Scraped caption text data
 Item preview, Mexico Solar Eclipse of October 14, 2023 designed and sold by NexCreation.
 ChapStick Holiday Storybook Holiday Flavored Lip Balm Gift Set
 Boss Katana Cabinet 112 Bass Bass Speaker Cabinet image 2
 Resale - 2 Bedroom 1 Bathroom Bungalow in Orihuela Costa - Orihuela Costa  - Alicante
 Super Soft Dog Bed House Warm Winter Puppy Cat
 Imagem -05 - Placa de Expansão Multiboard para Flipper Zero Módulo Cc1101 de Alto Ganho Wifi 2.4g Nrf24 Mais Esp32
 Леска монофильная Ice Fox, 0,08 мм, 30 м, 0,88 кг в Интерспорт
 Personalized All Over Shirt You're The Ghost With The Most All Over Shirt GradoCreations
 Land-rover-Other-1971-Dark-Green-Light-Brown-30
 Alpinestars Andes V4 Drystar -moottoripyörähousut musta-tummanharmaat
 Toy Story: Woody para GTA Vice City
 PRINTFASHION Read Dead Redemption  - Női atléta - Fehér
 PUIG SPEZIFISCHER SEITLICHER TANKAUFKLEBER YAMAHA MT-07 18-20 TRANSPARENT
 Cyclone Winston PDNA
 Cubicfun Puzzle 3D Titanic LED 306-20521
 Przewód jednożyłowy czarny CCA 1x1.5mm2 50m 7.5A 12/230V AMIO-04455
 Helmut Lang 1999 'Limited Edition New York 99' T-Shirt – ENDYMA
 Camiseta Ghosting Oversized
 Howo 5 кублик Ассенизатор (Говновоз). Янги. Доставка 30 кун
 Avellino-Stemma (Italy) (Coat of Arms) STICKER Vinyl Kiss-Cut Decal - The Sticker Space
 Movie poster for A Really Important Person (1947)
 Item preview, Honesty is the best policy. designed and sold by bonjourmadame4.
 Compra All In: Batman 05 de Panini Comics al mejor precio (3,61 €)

» **What the task requires**: The answer must consist of every line above that holds the string "Shirt", copied exactly.

» **Written response**:
 Personalized All Over Shirt You're The Ghost With The Most All Over Shirt GradoCreations
 Helmut Lang 1999 'Limited Edition New York 99' T-Shirt – ENDYMA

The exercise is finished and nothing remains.